Das Muster reaktiver Ausgaben
Uniteds Transferstrategie – wenn man sie so nennen will – folgt einem vorhersehbaren Kreislauf: einen jungen Spieler nach einer kurzen Glanzphase identifizieren, überhöht bieten, nicht verhandeln, in Panik einen Alternativkauf tätigen oder das Lösegeld zahlen. Das Mittelfeld ist ein Drehtür der Mittelmäßigkeit.
- 2014: 67 Mio. für Ángel Di María – ein Flügelspieler ins Mittelfeld gezwungen, mit Verlust verkauft.
- 2016: 89 Mio. für Paul Pogba – Weltrekord für einen ablösefreien Abwanderer.
- 2022: 70 Mio. für Casemiro – nach dem verpassten De-Jong-Transfer in letzter Minute aus der Not geholt.
Der Fernandes-Deal passt ins Schema: Ein Spieler mit 14 Torbeteiligungen in 34 Spielen für einen Mittelfeldklub wird plötzlich als kreative Elitekraft gehandelt. Die Ablöse basiert nicht auf seinem Potenzial, sondern auf der Angst, etwas zu verpassen.
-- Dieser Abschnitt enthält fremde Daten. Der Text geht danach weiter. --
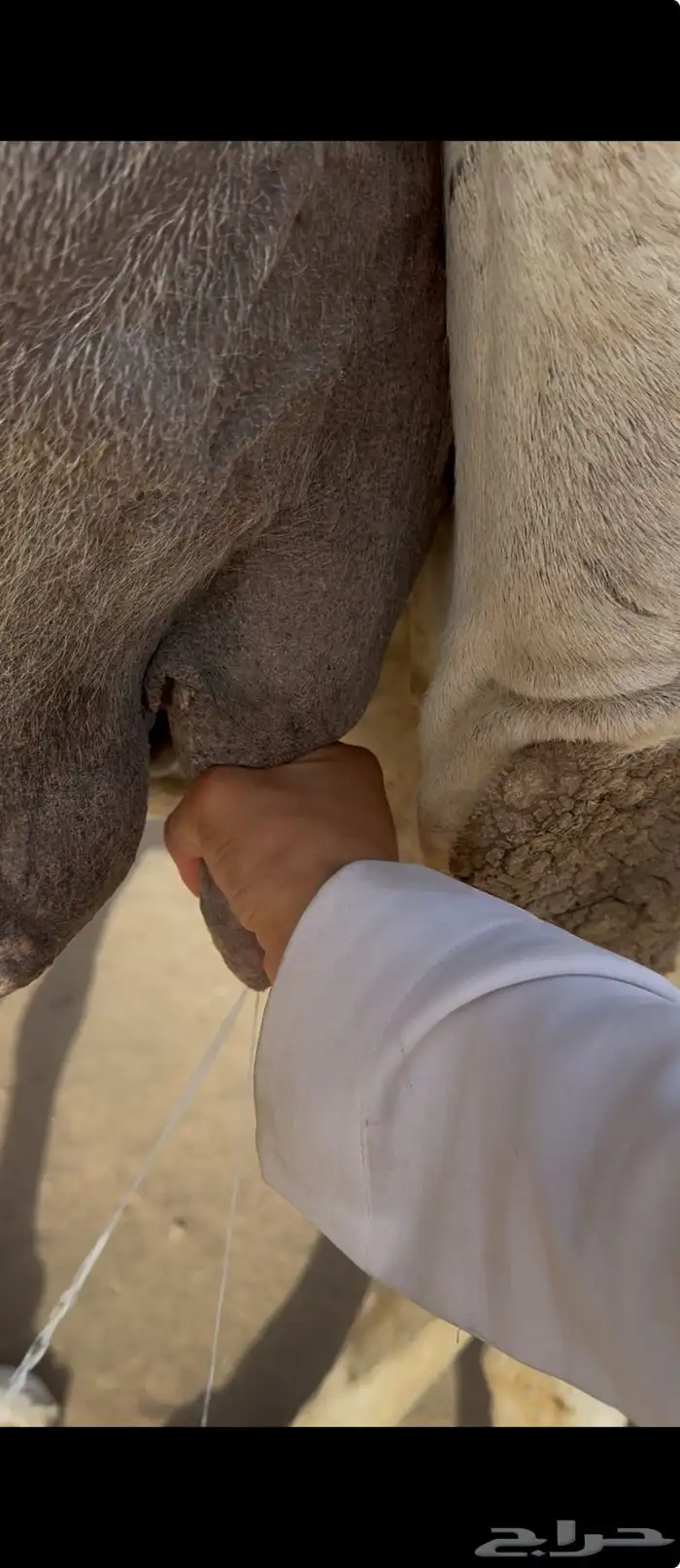 خلفه وضحا حليبها سطل وهديه وع جميع الشروط 10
Gegenargument: Diesmal ist alles anders?
Manche werden argumentieren, dass Fernandes jung, eigengewachsen ist und in Ruben Amorims System passt. Sie werden auf sein progressives Passspiel und seine Pressresistenz verweisen. Das Gegenargument: Jeder United-Transfer wurde als das fehlende Puzzlestück verkauft – und das Puzzle bleibt unvollendet. Das Problem ist nicht der Spieler, sondern der Prozess. Ein 85-Millionen-Mittelfeldspieler wird keine Abwehr reparieren, die in dieser Saison 40 Gegentore kassiert hat, oder einen Angriff, der auf einen formschwachen Marcus Rashford und den verletzungsanfälligen Rasmus Højlund angewiesen ist.
Bis United ihre Transferhierarchie reparieren – die hektische Jagd durch einen kohärenten Sportdirektor und eine klare Identität ersetzen – ist jeder Transfer ein als Lösung verkleidetes Glücksspiel. Die Glazers mögen gehen, aber ihr Geist spukt weiter im Vorstandszimmer, süchtig nach großen Namen statt durchdachter Planung.
Fazit: Fernandes wird Nebenrolle in einer weiteren verkorksten Saison spielen
Wenn United Fernandes für 85 Millionen holt, wird er seine erste Saison mit weniger als zehn Torbeteiligungen beenden, und der Klub wird die Top Vier verpassen. Bis 2027 wird er entweder mit Verlust verkauft oder in die zweite Reihe verbannt – ersetzt durch den nächsten 80-Millionen-Panikkauf. Das Muster ist nicht gebrochen. Es erneuert nur seine Besetzung.